_YOUR TASK_: Return every line from the records below with the string "Classic".

_Dataset items_:
-.-.-
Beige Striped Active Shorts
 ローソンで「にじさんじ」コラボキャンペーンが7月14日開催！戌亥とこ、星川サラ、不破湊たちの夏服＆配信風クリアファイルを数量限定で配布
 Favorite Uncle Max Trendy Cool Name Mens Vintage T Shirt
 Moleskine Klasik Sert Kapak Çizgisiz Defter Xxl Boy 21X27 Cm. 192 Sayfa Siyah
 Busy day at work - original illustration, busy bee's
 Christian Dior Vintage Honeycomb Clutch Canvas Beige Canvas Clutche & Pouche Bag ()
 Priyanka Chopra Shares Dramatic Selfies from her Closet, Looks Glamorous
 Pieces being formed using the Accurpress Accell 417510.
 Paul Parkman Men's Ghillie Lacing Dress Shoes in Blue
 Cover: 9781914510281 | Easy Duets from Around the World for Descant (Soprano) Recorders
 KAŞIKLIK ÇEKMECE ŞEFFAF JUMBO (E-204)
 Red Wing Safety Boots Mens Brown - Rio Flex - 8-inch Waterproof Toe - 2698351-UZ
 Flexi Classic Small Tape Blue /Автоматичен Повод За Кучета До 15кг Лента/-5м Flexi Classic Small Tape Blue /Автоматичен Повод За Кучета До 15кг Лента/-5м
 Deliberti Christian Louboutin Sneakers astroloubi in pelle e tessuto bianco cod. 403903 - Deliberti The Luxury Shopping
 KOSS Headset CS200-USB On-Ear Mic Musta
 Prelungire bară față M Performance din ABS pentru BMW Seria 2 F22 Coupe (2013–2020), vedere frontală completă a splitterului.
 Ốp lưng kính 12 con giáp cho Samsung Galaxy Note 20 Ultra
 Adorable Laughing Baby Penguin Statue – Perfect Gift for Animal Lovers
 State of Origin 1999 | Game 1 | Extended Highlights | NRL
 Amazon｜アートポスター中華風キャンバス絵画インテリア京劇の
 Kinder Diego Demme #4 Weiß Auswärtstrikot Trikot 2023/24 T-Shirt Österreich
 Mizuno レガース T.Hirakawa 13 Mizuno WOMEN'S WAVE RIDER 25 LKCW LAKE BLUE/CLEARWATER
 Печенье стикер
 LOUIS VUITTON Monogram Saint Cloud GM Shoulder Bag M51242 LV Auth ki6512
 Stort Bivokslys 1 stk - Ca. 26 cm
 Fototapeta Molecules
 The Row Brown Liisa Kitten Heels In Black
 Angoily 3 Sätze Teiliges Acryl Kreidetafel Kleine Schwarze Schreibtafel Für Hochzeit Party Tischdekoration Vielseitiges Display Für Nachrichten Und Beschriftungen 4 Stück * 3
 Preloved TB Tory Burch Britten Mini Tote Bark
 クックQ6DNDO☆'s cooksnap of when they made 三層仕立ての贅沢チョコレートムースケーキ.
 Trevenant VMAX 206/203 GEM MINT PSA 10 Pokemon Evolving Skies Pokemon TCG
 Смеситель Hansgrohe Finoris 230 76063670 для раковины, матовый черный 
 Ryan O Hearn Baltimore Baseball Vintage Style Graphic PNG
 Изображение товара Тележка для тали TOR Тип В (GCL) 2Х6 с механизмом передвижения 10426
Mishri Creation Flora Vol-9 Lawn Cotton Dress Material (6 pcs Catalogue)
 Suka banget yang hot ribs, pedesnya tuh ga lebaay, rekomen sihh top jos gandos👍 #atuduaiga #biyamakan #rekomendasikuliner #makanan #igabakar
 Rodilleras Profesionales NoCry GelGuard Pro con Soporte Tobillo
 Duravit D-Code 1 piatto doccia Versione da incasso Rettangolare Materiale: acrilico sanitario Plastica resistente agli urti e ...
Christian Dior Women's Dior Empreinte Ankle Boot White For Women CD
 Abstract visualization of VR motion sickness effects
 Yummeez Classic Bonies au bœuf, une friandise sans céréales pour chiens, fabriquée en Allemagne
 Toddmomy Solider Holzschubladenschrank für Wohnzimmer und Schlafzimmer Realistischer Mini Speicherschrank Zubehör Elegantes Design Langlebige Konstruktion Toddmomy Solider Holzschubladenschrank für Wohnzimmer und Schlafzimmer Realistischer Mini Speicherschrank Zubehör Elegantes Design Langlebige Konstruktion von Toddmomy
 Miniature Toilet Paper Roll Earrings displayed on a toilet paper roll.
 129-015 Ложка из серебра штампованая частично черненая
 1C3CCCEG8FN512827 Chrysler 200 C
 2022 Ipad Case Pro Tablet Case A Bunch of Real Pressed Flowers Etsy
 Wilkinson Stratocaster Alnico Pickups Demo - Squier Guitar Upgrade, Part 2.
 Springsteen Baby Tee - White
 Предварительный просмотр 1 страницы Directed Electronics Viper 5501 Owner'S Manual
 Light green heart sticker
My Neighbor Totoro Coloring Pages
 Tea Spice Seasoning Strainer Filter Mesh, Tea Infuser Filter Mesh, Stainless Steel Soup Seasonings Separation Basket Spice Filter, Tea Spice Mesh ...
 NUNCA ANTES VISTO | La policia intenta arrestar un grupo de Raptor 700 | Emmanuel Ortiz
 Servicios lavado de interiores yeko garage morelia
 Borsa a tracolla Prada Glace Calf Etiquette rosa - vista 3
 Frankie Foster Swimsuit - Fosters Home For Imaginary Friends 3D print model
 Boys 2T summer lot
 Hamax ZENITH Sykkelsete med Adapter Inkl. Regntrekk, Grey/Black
-.-.-
_EXERCISE RESULT_:
 Flexi Classic Small Tape Blue /Автоматичен Повод За Кучета До 15кг Лента/-5м Flexi Classic Small Tape Blue /Автоматичен Повод За Кучета До 15кг Лента/-5м
 Yummeez Classic Bonies au bœuf, une friandise sans céréales pour chiens, fabriquée en Allemagne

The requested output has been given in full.